After this the import fails.

Expected behavior

after running pip install awswrangler, import awswrangler should work.

Your project

No response

Screenshots

No response

OS

M1 Pro Mac, Mac OS Sonoma 14.6.1

Python version

3.11.9

AWS SDK for pandas version

3.9.1 (and all 3.x releases)

Additional context

No response

LeonLuttenberger commented 2 months ago

Hey,

When you install awswrangler, make sure to include the opensearch extra:

pip install --upgrade awswrangler[opensearch]

When you use that extra parameter, pip will also install opensearch-py, jsonpath-ng, and requests-aws4auth, which are the three additional libraries we need to support OpenSearch.

From the logs you included, it looks like your original environment included opensearch-py but not jsonpath-ng. Then, when you installed the 2.x.x version of awswrangler, it came included with all the OpenSearch dependencies. The reason for this is that starting with 3.0.0, we decided to keep the list of dependencies we install by default to a bare minimum. So OpenSearch went from being a regular dependency to an optional dependency. More information on why we made this decision is available here.

Let me know if adding the extra parameter to the pip install works for you.

Best regards, Leon

LeonLuttenberger commented 2 months ago

I also created #2939 so that a more sensible error is thrown in the future.

RLashofRegas commented 2 months ago

Hmmm, this still seems like an issue to me. What if I am using opensearch-py for some things, but not the awswrangler opensearch extensions. The following fails:

virtualenv --python="/Library/Frameworks/Python.framework/Versions/3.11/bin/python3" .venv
source .venv/bin/activate
pip install --upgrade pip
pip install --upgrade  opensearch-py
pip install --upgrade awswrangler
python
>>> import awswrangler
LeonLuttenberger commented 2 months ago

You still need the jsonpath-ng and requests-aws4auth dependencies. When you run pip install awswrangler[opensearch], all of this is installed automatically.

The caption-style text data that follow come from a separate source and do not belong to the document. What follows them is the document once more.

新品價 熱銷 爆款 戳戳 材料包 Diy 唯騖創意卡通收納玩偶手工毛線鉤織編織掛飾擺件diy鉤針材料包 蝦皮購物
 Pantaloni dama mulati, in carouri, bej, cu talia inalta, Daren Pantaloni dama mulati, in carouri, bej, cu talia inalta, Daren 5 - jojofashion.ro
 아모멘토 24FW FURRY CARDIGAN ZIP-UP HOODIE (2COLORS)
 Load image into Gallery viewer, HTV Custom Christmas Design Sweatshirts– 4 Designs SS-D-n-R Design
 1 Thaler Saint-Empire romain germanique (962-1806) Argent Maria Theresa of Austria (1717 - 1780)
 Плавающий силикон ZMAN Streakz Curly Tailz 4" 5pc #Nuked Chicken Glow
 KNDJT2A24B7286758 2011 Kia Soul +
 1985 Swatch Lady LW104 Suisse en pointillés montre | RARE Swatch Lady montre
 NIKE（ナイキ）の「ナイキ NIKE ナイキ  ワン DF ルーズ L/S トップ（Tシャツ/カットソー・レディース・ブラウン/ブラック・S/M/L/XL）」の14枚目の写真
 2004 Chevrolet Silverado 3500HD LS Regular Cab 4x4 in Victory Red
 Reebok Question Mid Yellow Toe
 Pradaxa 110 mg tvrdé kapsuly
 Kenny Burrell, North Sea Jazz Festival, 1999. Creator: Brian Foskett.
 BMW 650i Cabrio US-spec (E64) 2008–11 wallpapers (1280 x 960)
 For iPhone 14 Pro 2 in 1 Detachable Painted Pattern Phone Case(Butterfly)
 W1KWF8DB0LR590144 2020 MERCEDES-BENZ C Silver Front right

Alternatively, you can install them manually:

pip install --upgrade opensearch-py jsonpath-ng requests-aws4auth
pip install --upgrade awswrangler
RLashofRegas commented 2 months ago

I don't need those. I am using opensearch-py directly in other parts of my project and then using awswrangler.s3 methods NOT the opensearch methods. import opensearchpy works fine with the above setup. So what I'm saying is that just because I installed opensearch-py in my environment for unrelated code, shouldn't break awswrangler.

LeonLuttenberger commented 2 months ago

Gotcha, sorry about the misunderstanding.

The PR that I created (#2939) should fix this once it’s merged and released. In the meantime, the easiest way to work around this is to install jsonpath-ng.